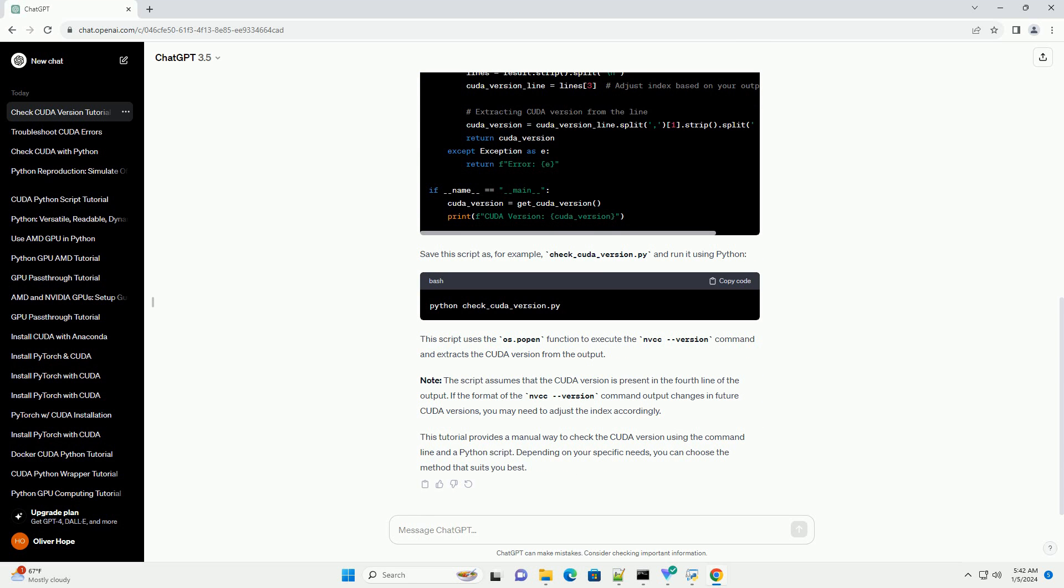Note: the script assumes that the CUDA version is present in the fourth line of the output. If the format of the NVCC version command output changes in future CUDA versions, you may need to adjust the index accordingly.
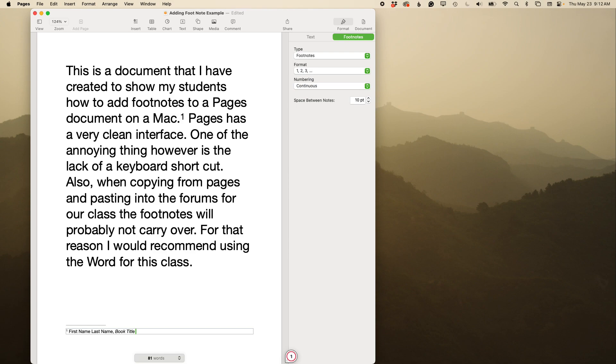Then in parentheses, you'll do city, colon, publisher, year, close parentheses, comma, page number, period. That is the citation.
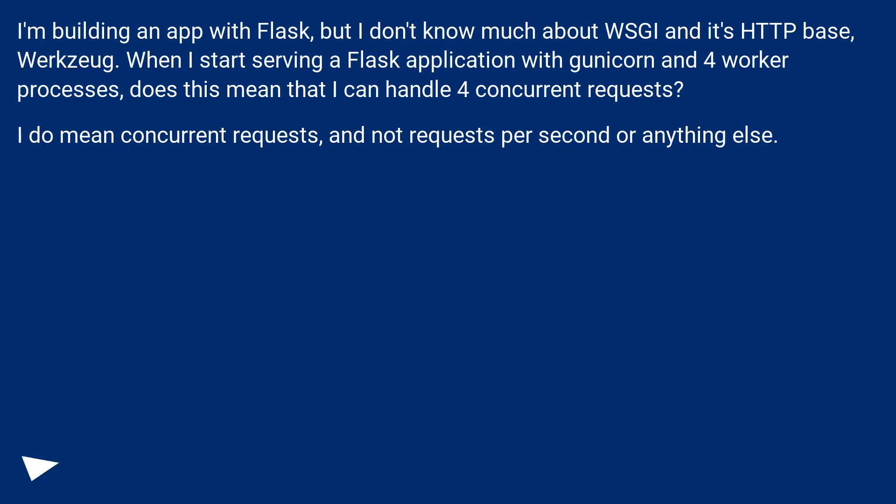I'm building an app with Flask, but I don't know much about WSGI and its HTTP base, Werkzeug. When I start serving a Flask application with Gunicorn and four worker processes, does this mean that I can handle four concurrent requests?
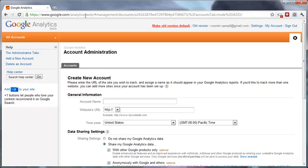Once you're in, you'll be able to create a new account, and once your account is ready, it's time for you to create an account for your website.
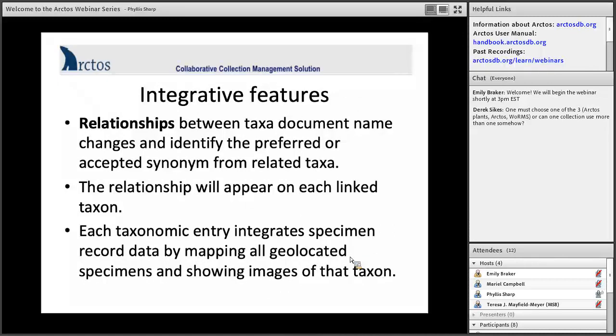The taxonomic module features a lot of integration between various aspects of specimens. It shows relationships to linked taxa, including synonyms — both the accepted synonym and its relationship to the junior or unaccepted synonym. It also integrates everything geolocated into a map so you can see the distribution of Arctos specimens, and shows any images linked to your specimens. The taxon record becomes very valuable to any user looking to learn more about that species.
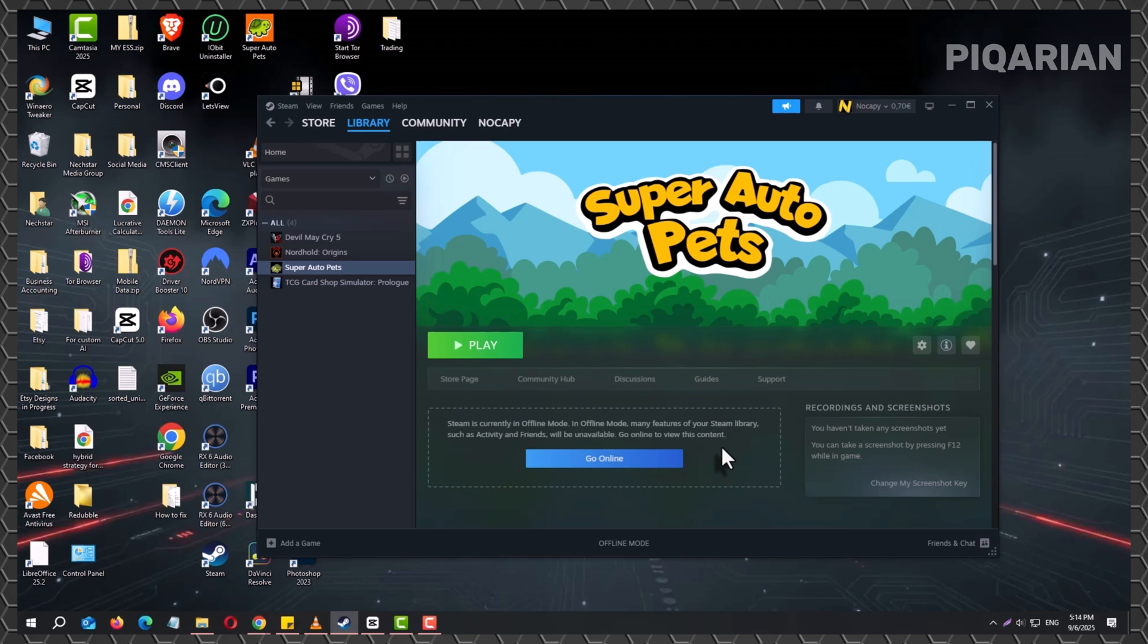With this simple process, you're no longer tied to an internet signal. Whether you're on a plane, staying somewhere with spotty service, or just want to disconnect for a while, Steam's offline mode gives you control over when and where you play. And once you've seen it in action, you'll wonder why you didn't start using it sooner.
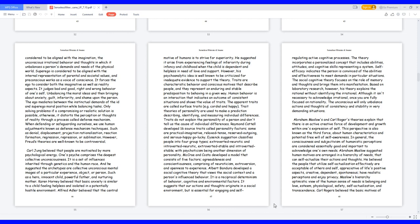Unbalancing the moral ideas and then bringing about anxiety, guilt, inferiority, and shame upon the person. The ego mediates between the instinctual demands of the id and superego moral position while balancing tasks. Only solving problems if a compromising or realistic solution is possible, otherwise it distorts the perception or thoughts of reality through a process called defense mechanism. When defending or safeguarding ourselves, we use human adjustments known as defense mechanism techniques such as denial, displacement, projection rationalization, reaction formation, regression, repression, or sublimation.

==

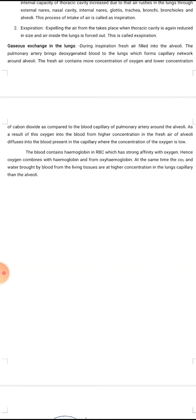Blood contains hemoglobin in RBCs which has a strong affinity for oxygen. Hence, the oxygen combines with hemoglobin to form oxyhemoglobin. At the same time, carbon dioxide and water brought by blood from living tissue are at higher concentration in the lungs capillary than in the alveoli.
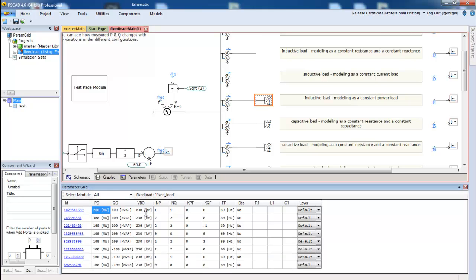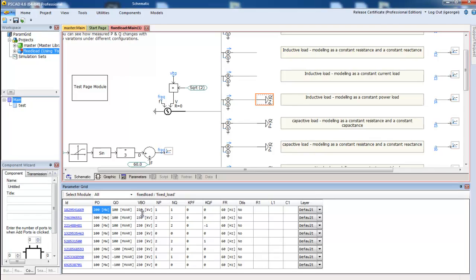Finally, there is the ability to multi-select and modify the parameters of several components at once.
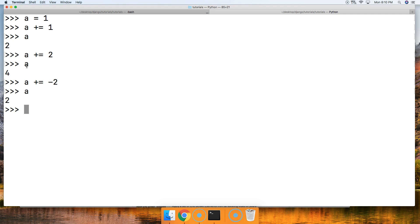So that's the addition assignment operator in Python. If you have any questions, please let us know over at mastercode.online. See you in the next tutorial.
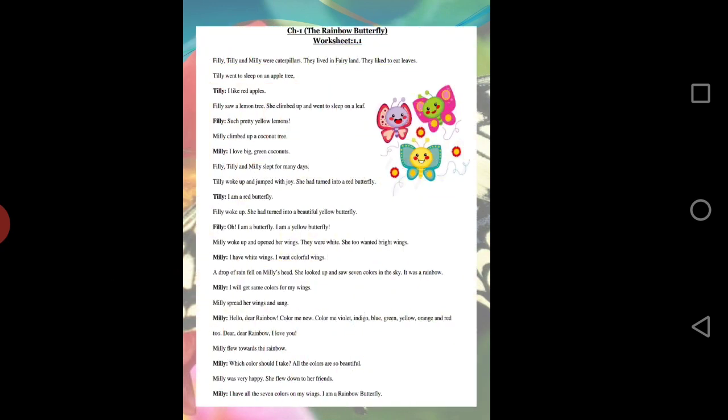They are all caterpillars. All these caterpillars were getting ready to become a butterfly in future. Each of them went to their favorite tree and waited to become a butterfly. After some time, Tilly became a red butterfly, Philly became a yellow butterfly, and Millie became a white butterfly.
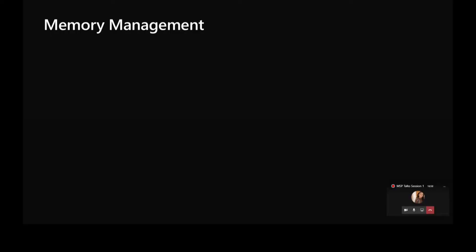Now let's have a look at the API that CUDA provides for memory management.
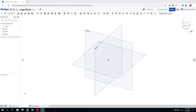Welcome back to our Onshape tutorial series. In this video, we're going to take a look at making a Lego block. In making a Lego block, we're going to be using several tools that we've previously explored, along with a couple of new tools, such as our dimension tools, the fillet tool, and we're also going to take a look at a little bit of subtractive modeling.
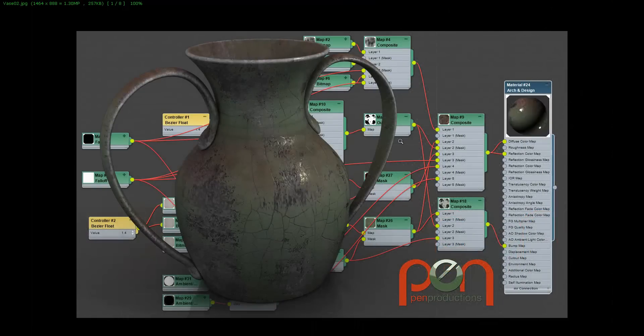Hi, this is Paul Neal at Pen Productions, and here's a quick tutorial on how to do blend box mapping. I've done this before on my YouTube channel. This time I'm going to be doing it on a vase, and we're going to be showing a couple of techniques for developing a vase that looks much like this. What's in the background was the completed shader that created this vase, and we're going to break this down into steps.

◆ Work task ◆
Your answer should be the exact lines above from the one containing "Finally, there is" through the one containing "Welcome back to", with both end lines kept and the pictures removed, please.

◆ Answer below ◆
Finally, there is the ability to multi-select and modify the parameters of several components at once.
So that's the addition assignment operator in Python. If you have any questions, please let us know over at mastercode.online. See you in the next tutorial.
They are all caterpillars. All these caterpillars were getting ready to become a butterfly in future. Each of them went to their favorite tree and waited to become a butterfly. After some time, Tilly became a red butterfly, Philly became a yellow butterfly, and Millie became a white butterfly.
Now let's have a look at the API that CUDA provides for memory management.
Welcome back to our Onshape tutorial series. In this video, we're going to take a look at making a Lego block. In making a Lego block, we're going to be using several tools that we've previously explored, along with a couple of new tools, such as our dimension tools, the fillet tool, and we're also going to take a look at a little bit of subtractive modeling.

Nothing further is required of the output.